**WHAT THIS TASK INVOLVES**
Please write out exactly, without any picture, each line from the first in the listing through the line that includes "House in West".

**GIVEN DATA**
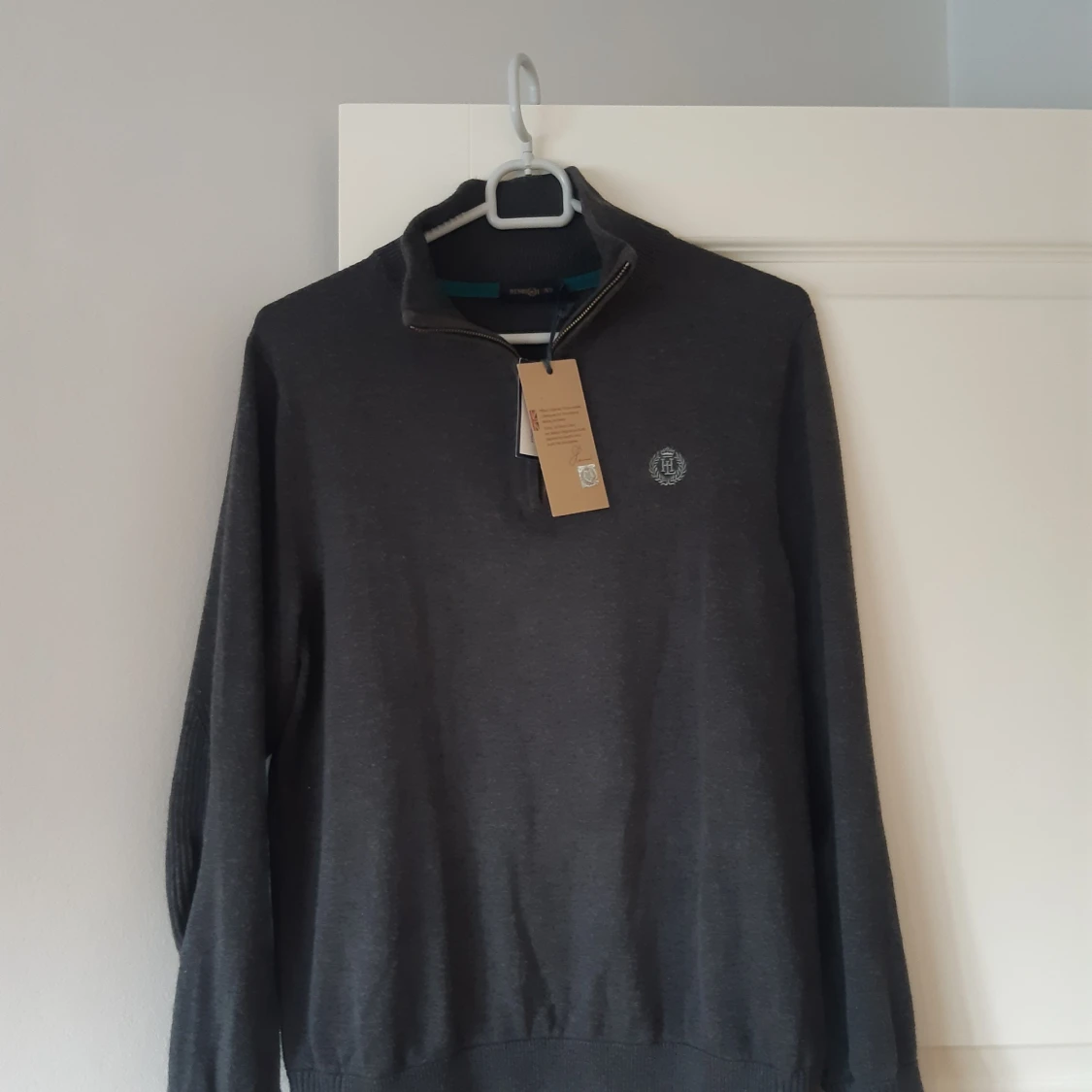 Grå tröja med dragkedja från Henri Lloyd - 91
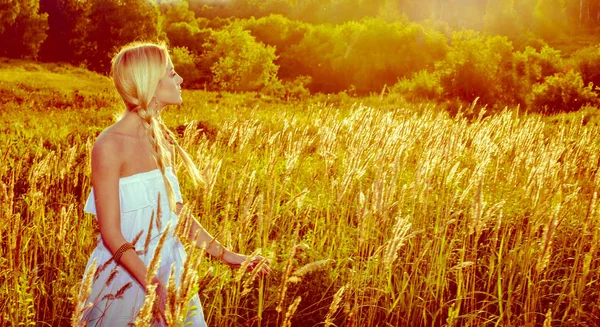 Fille en robe blanche debout — Photo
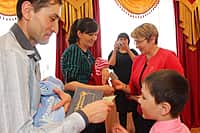 Праздник "Счастье вдвойне" прошёл во Дворце бракосочетаний города Канаш (фото №12).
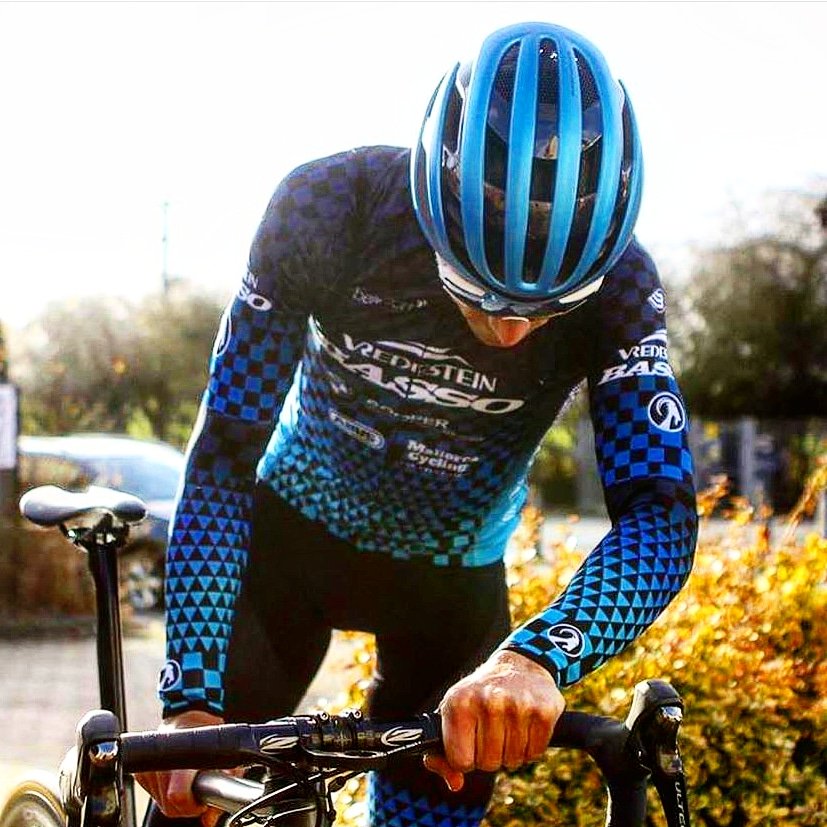 AlexMartinez_51's tweet photo. #morethanaraceteam rolling to 2020 with the best crew @vredesteinbasso!!!!

#rocktheroad #feelthegrip #wearebasso #ridebetterridebasso #stolengoat #stolengoatherd #cooperreadingbmw #performanceprotection #otefuelled #ride100percent #balnearioilletas #cycling #cyclinglife #bike https://t.co/BcT4c60OAO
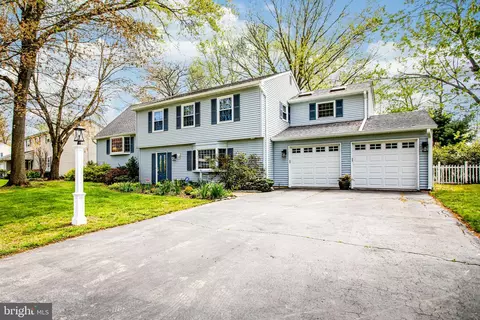 26 Arrowwood Dr, Hamilton, NJ 08690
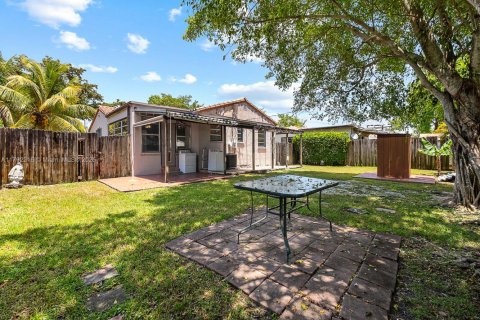 House in West Miami, Florida 3 bedrooms, 91.97 sq.m. № 1697500 - photo 15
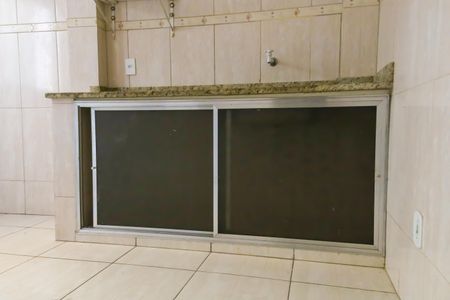 Apartamento à venda com 55m², 2 quartos e sem vaga Apartamento à venda com 55m², 2 quartos e sem vagaCozinha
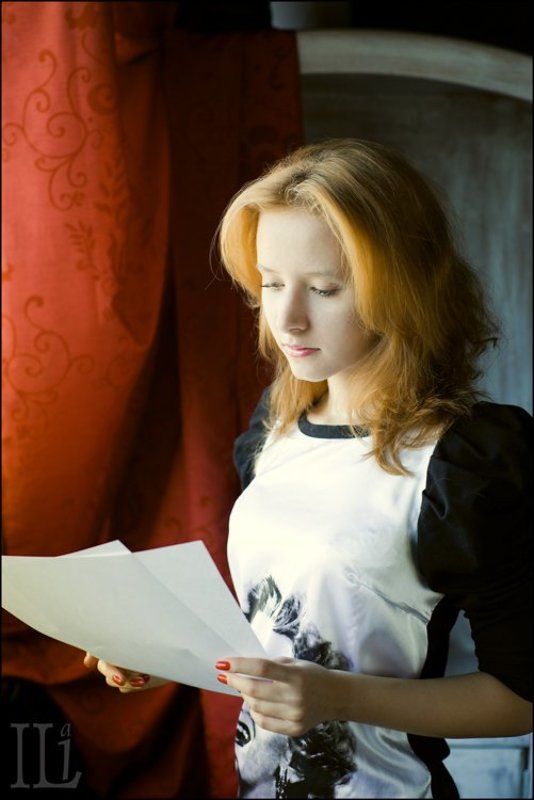 девушка, листочки Девушка с листочкамиphoto preview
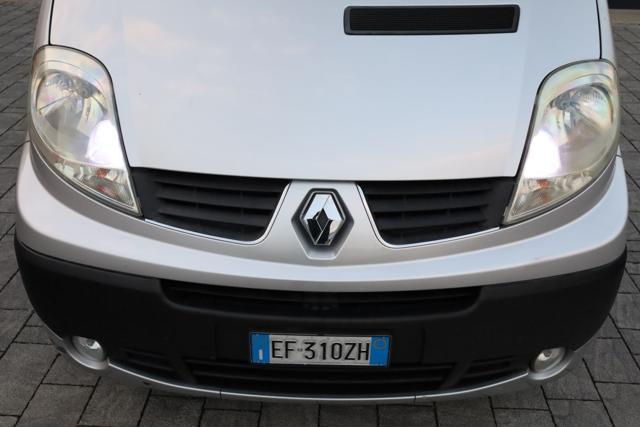 RENAULT Trafic 2.0 dCi/115 Passenger 8 Posti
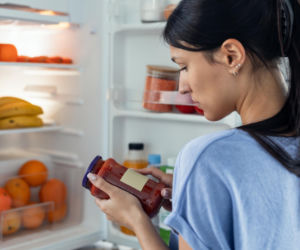 Jedno słowo na etykiecie kosztuje cię setki złotych. Sprawdź, kiedy naprawdę trzeba wyrzucić jedzenie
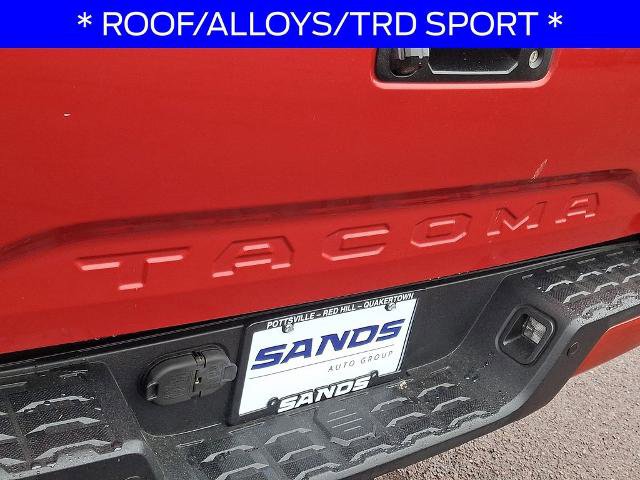 Used 2017 Toyota Tacoma TRD Sport AWD/4WD image 30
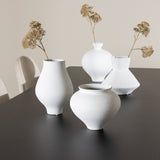 Jídelní stůl Ellis s jídelní židlí Polar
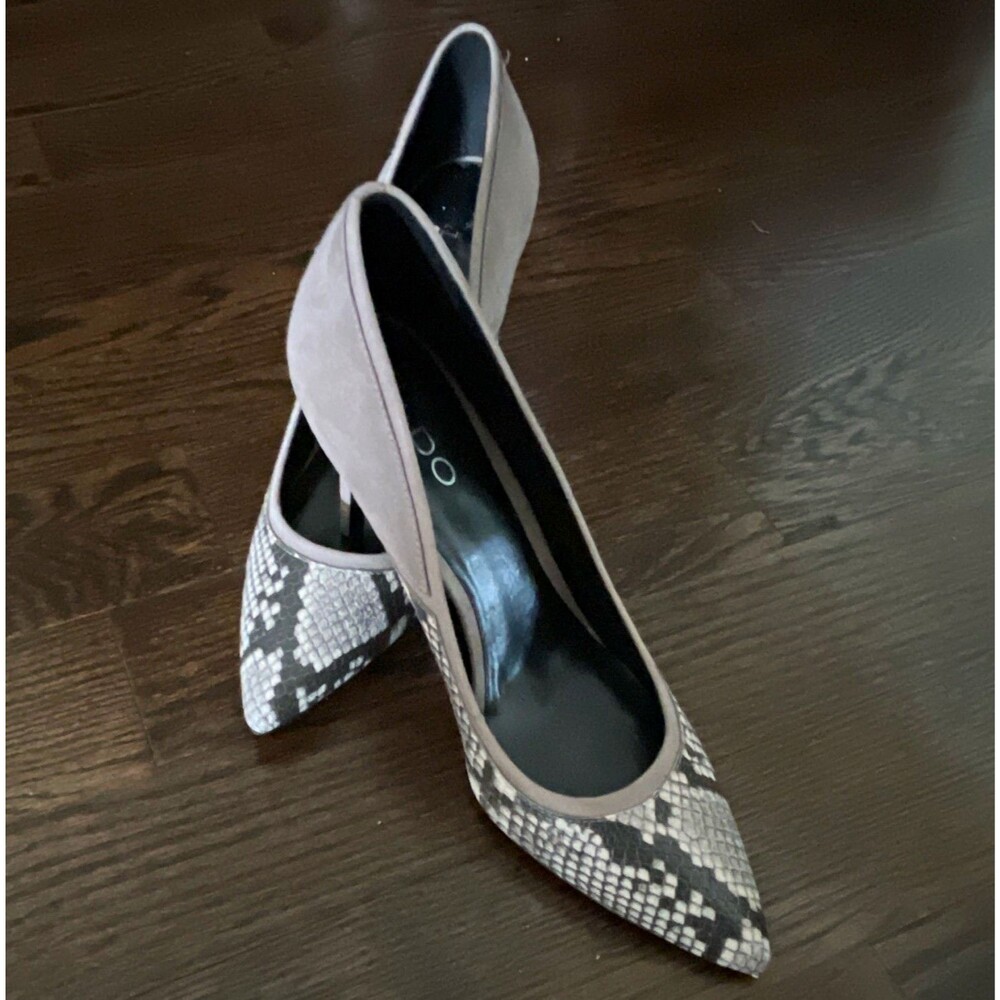ALDO Women's Size 9 Pointed Toe Pump Heels Gray/Black Snake Print Suede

**OUTPUT**
 Grå tröja med dragkedja från Henri Lloyd - 91
 Fille en robe blanche debout — Photo
 Праздник "Счастье вдвойне" прошёл во Дворце бракосочетаний города Канаш (фото №12).
 AlexMartinez_51's tweet photo. #morethanaraceteam rolling to 2020 with the best crew @vredesteinbasso!!!!

#rocktheroad #feelthegrip #wearebasso #ridebetterridebasso #stolengoat #stolengoatherd #cooperreadingbmw #performanceprotection #otefuelled #ride100percent #balnearioilletas #cycling #cyclinglife #bike https://t.co/BcT4c60OAO
 26 Arrowwood Dr, Hamilton, NJ 08690
 House in West Miami, Florida 3 bedrooms, 91.97 sq.m. № 1697500 - photo 15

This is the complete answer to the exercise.